Another weekend, another region and a new Harvest Experience Day! This time we were at Domaine Jean-Marc Brocard in Chablis with some of our Gourmet Odyssey Wine Experience clients to harvest the Chardonnay grapes!
As soon as the clients had all safely arrived, we headed straight into the vineyard to receive our orders from Frédéric Guegen, the Vineyard Director. He split us into two teams of harvesters and porters.
Armed with a pair of secateurs and a bucket, the harvesters paired up to pick the grapes from both sides of the vine rows. Paying particular attention to their fingers, the harvest began!
The grapes at the winery hold much promise this year. They have a good balance between sugar and acidity, and have grown in abundance! At the end of the harvest, the yield should be about 25% more than last year. The buckets were therefore filling up quickly, and it didn't take long for the first cries of "Porter" to resonate!
Each member of the porter team found themselves with a big basket strapped to their back, their mission being to carry the bunches of grapes to the trailer located at the edge of the vineyard. As soon as the bucket is full, the harvesters call for to the porters to come, and then empty the fruit into the porter's basket. It's a physical job, especially as a full basket can weigh up to 60kg. You often think that the basket is full long before it actually is! With the rolling landscape of Chablis, you also have the slopes to deal with!
Emptying the baskets is not as easy as it looks either, especially the first time. You have to climb a ladder and then let the grapes fall over your head. Some porters almost followed the grapes in!
Working together, it's impressive how quickly the vines are stripped of their fruit. It gave us more than enough to work with afterwards though!
Back at the winery, the moment for the wine tasting came. First up, a Petit Chablis 2010, followed by a Chablis "Domaine Sainte Claire" 2009 which we then compared to a Chablis "Vielles Vignes de Sainte Claire" 2009. We continued the tasting with the wine from the adopted vines of Gourmet Odyssey clients, "La Boissonneuse" 2009, before savouring a few of the Chablis Premier Crus; a "Vau de Vey" 2009, a "Montée de Tonnerre" 2009 and a "Vaulorent" 2008.
Overlooking the vines, we tucked into the Harvesters Meal! The tasting continued with a few of the estate's Irancy red wines and a few of the older Chablis vintages, served in magnums, such as the Chablis "Vielles Vignes de Sainte Claire" 2001.
Each day was a little different. On Saturday, the winery was in full action because the team of professional harvesters was also working. This meant that the mechanic presses were up and running. We rejoined our grapes that we had lovingly harvested at the fermentation hall, to see them emptied from the trailer into the press below. The press then buzzed into life as it extracted and separated the juice from the skin, pips and stalks.

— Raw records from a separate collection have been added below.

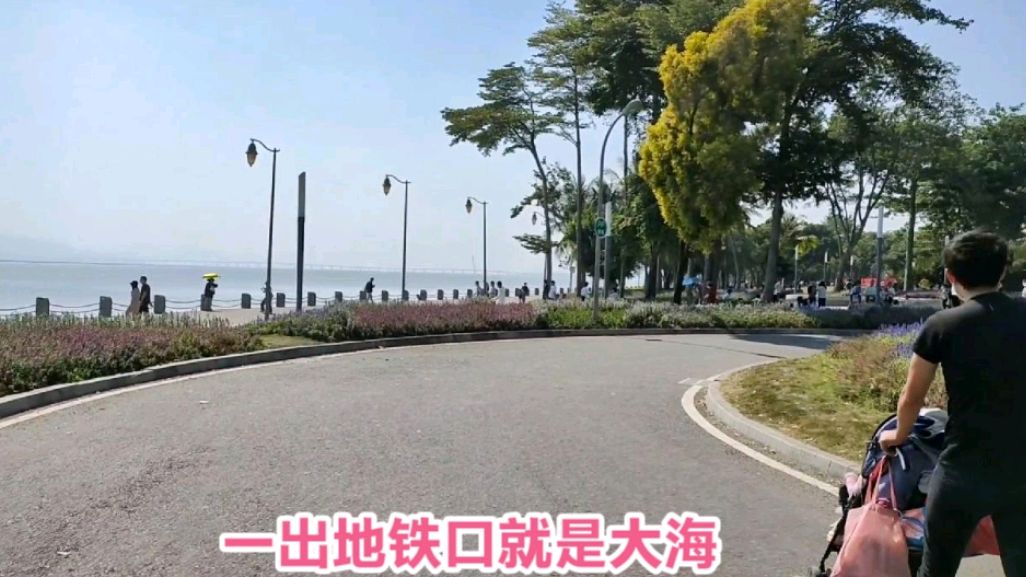 亲子陪娃时间打卡第7站:深圳红树林海滨生态公园,后悔没带吃的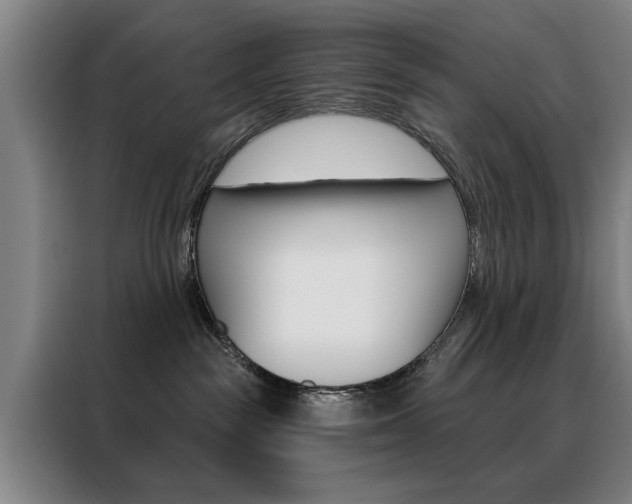 X0000088430189200705220902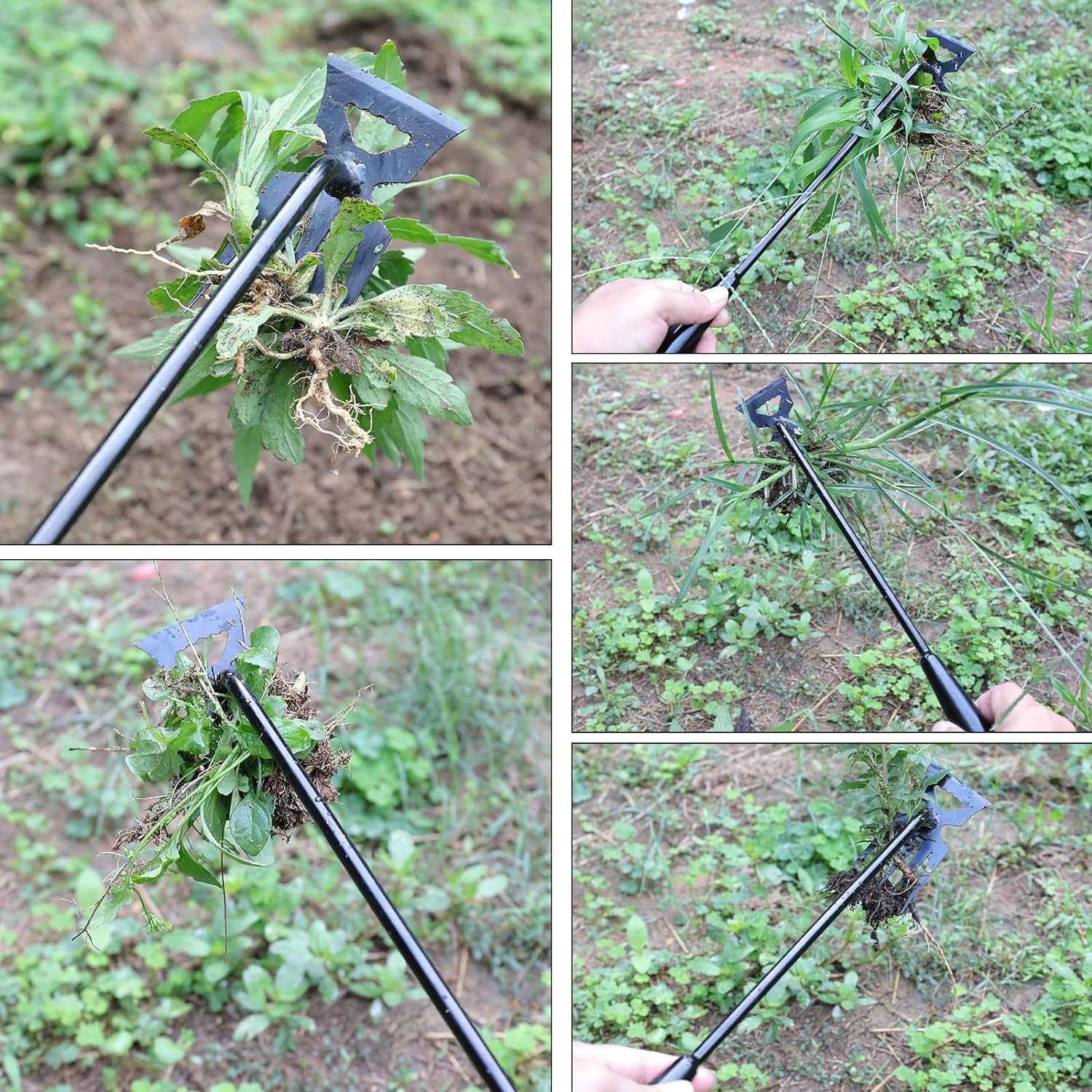 4-Tooth Hand Weeder Tool with Handle for Garden Use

Continuing the journey of our harvest, we ended up in front of the tank where the fermentation will begin. Glass in hand, we tasted the fruit of our labour, an oh so sweet grape juice! We then had the chance to compare it to the juice from another vat, where the alcoholic fermentation had already begun for several days.

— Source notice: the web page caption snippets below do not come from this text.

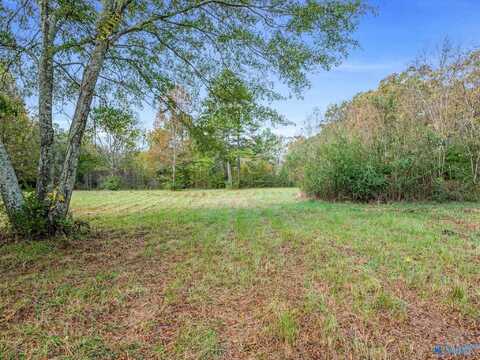 Tract 2 County Road 165, Rogersville, AL 35652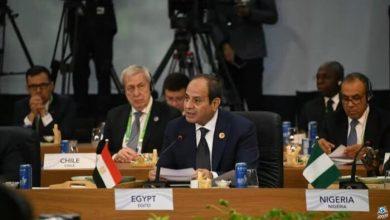 الرئيس السيسي: لا سبيل لمكافحة الجوع والفقر إلا بإقامة شراكات دولية مع الدول النامية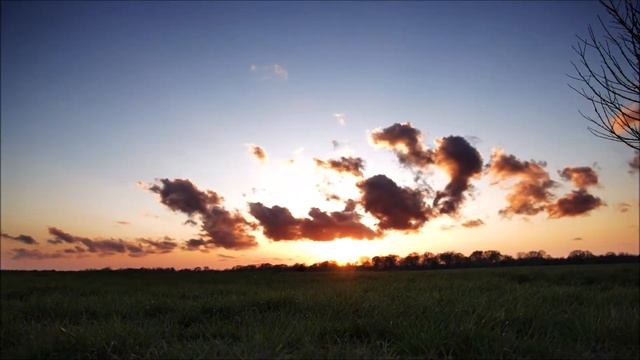 Поэта гордость - звонкий стих! автор Серова А смотреть онлайн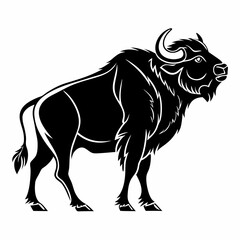 buffalo sihouette black vector © mst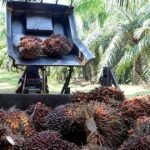 India’s Weaker Festival Demand Pulls Malaysian Palm Oil Exports Down 8% in August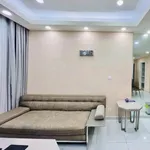 Cho thuê căn hộ 1PN 52m² The Emerald Golf View, Đại lộ Bình Dương, 8 triệu/tháng - Ảnh thu nhỏ 2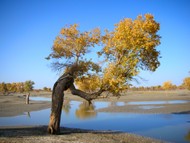 A single diversifolius poplar grows along the Tarim River.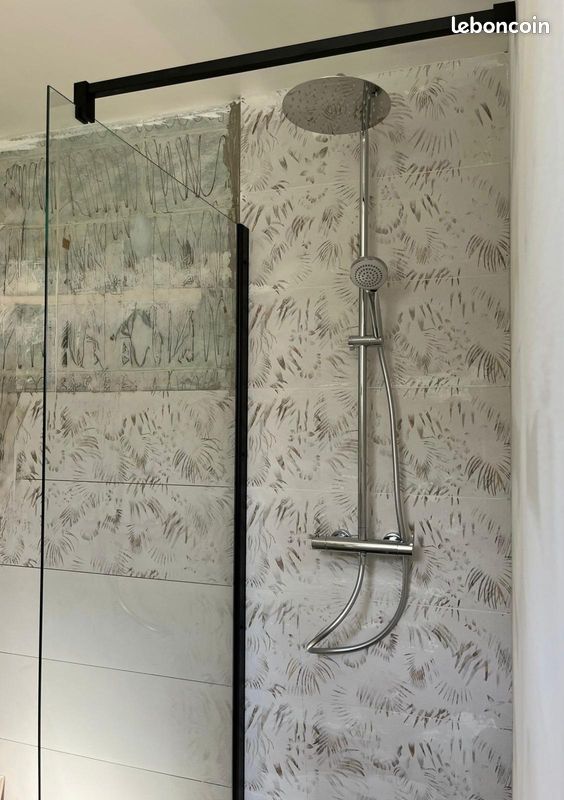 Colonne douche + paroi de douche (image 2)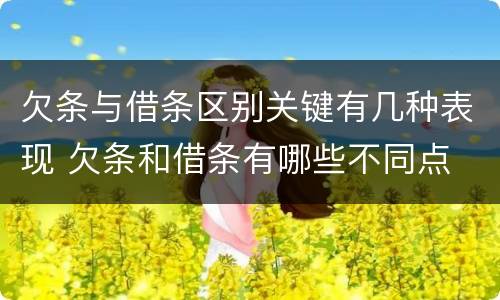 欠条与借条区别关键有几种表现 欠条和借条有哪些不同点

The estate's harvesters had been working in a pinot noir plot of vines, located in the nearby Côte d"Auxerre. How the grapes are treated and put into the fermentation tanks differs from the chardonnay, so we were able to contrast the methods used for red and white wines. Our first observation was the use of a sorting table. We each took up position either side of the table to sort the good from blemished or unripe grapes. Then we watched as the grapes are stripped from their stalks and then put into the tanks without any pressing.
Sunday being a day of rest for the harvesters, the electric presses weren't operating. That gave us the opportunity to discover how the grapes were pressed in days gone by! The estate still has a few old wooden pressing machines, and one of the longer-serving members of staff, Jean-Bernard, helped us get one of the legendary presses up and running!
Once filled, we put in place the wooden planks and the gearing that would press the grapes. To work the press, we had to move a long iron handle to and fro. Easy at first, but it became more and more resistant as time wore on! You have to be patient because if you go too quickly, the juice doesn't have time to flow out.
Even if it takes much longer, the grape juice, tasted directly from the press, was still as sweet and delicious as the day before!
Many thanks to Céline, Frédéric and the team at Domaine Jean-Marc Brocard for having welcomed us so warmly. We're longing to taste the finished 2011 vintage!